I want to smell dark matter
They could drop the bomb right on my fucking head.
 
Preferably on Trump's golf course, making sure that he's on it at the time.
 
^ Or any golf course, really. They're all equally useless.
 
See what you've done, Salmond?! You said you wanted Scotland separated from the UK and they took you fucking literally! You maniacs! You blew it up!!
 
They should nuke the Grand National. TO END THE HORSE MEAT JOKES.
 
Then where would you get your hamburger?
 
No, they should not bomb a place I might want to visit.
 
Today I was served by an extremely abrasive Scottish lady in a shop.

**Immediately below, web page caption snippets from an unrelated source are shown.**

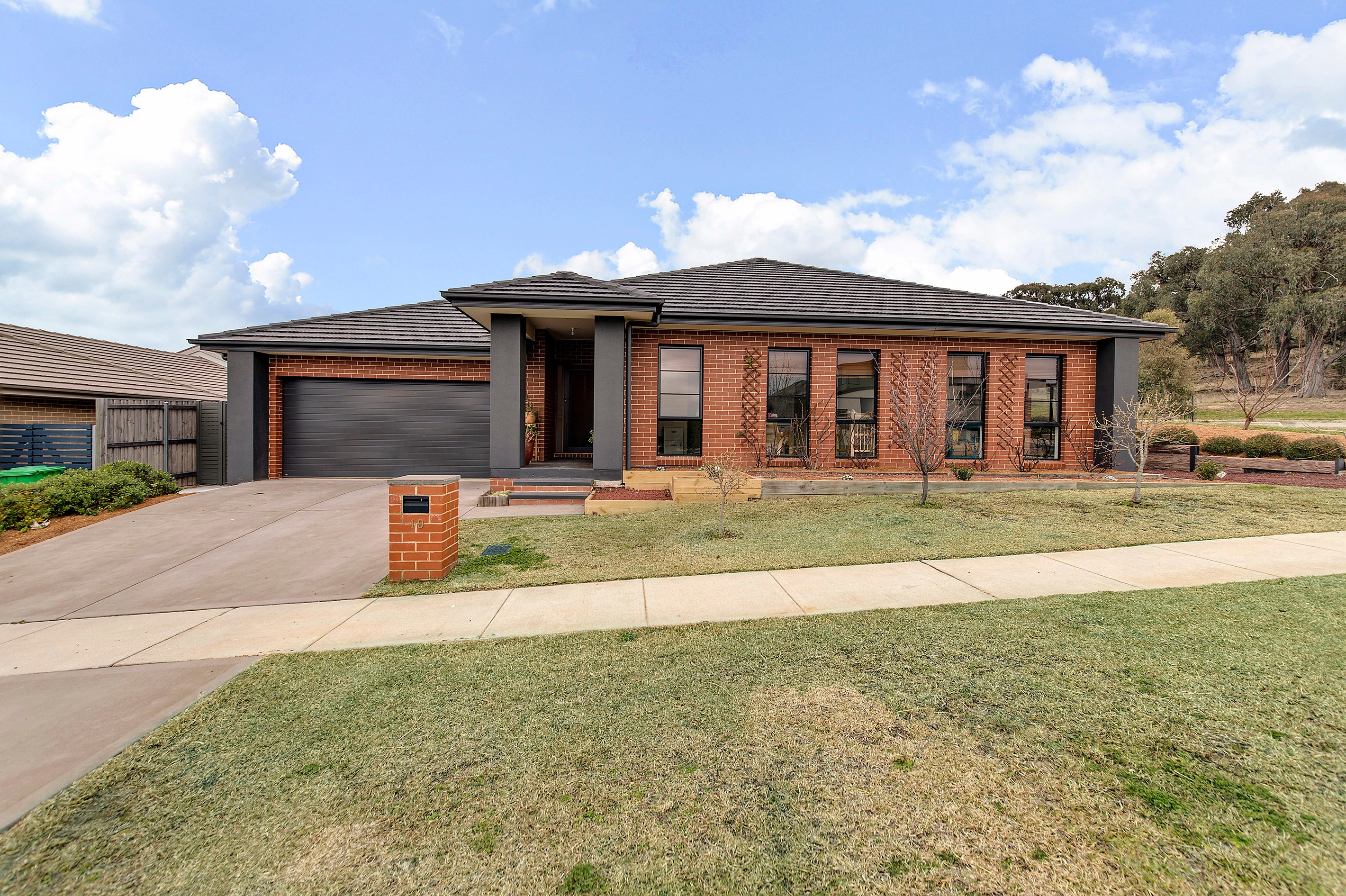 19 Kevin Curtis Crescent, CASEY, ACT 2913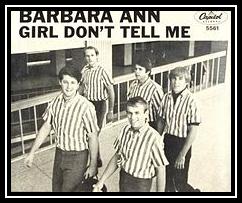 Barbara Ann Download free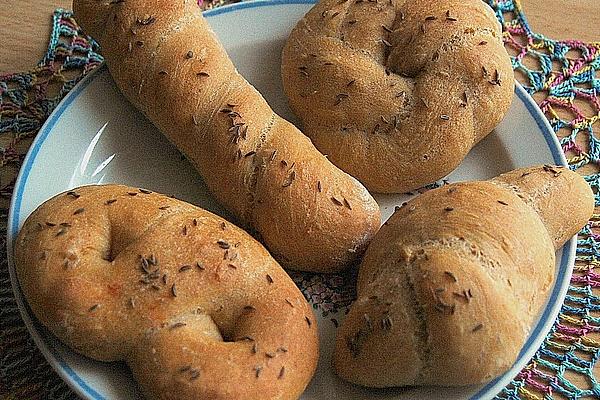 Curd Knot
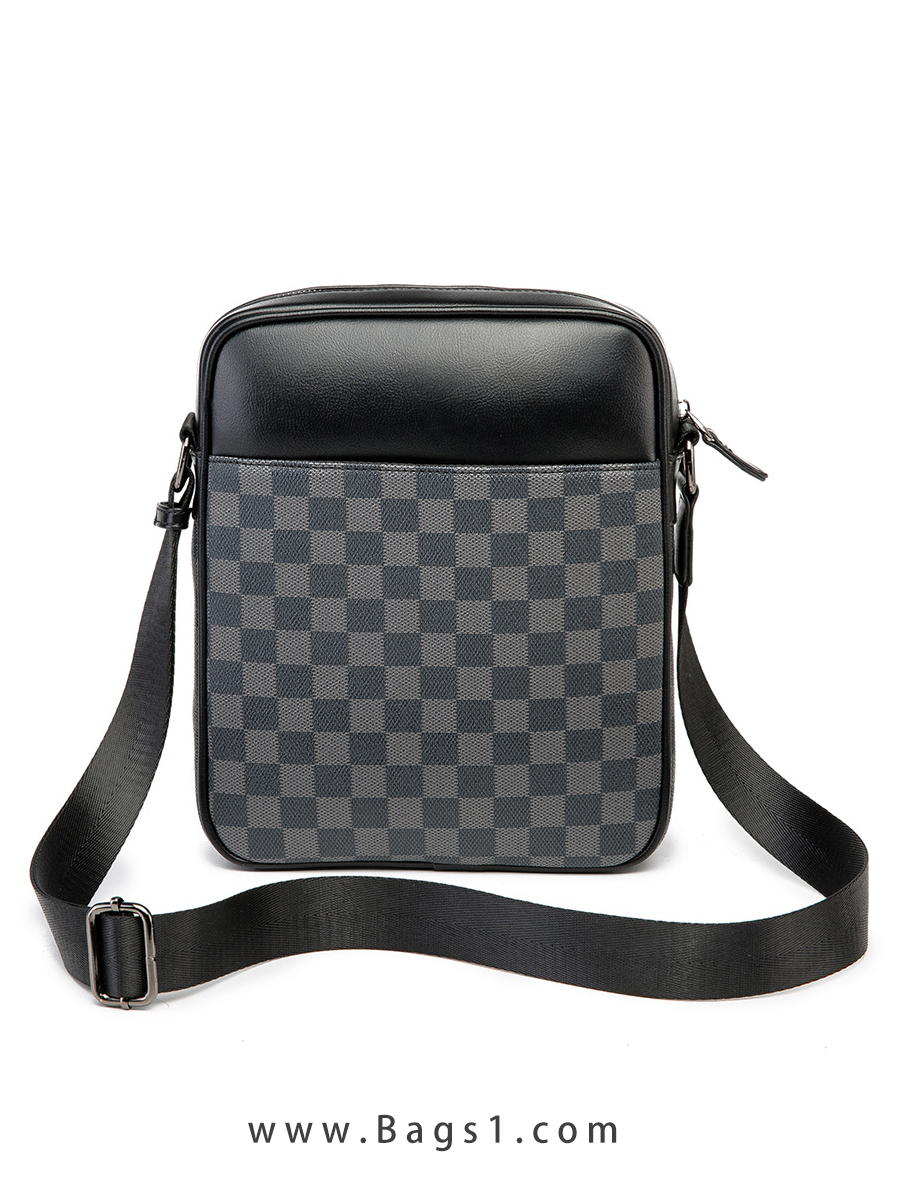 Med Shoulder Bag（中号单肩）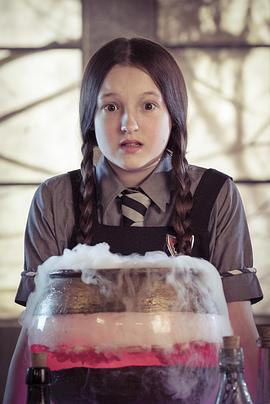 魔法学校 第一季 The Worst Witch Season 1 (2017)海报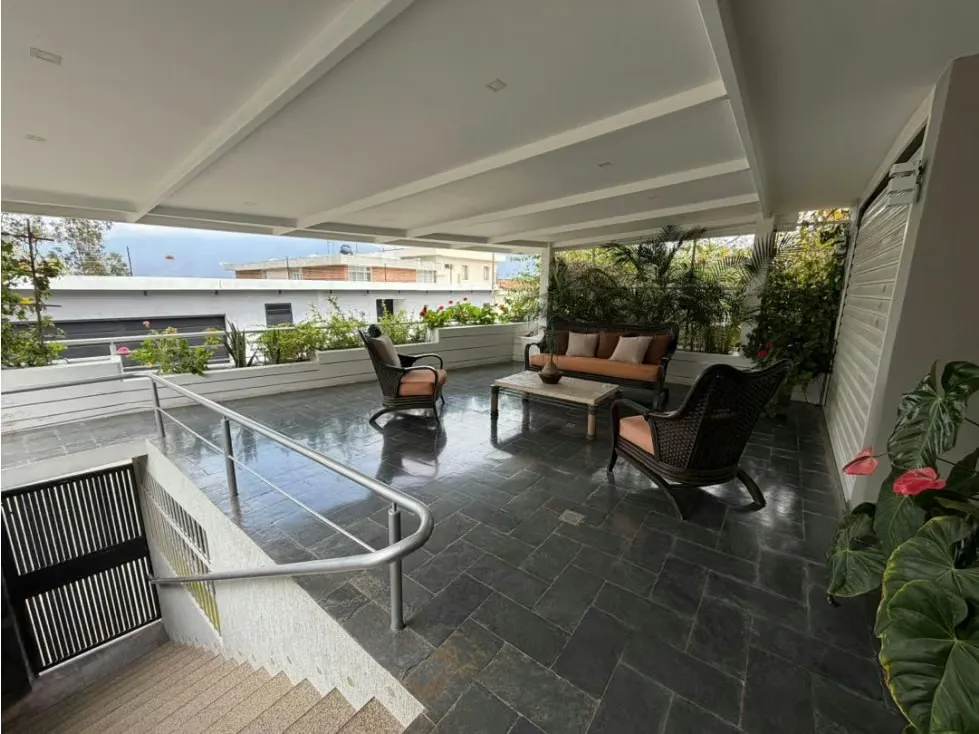 Se vende casa 291m2 en Los Pomelos - 5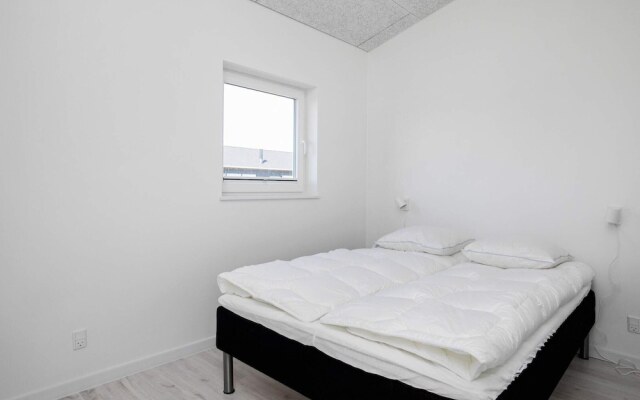10 Person Holiday Home in Lokken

"Yous gonnae buy tha? Am no gonnae wait!"
 
No. Karen Gillan might be harmed.
 
We have Jenna-Louise Coleman now.
 
Yes but she's not Karen Gillan.
 
Well if they nuked Wales no one would give a fuck.
 
Maybe Jared Harris and Anthony Hopkins would.

And WILLIE WELSHYTHESPIAN.
 
and Gareth Bale!!!! (OMG I KNOW THE NAME OF A FAMOUS WELSHMAN NOT DYLAN THOMAS!)
 
WELL NUKE FUCKLAND THEN.
 
I say fuck Nukeland.
 
You'd get a radioactive cock.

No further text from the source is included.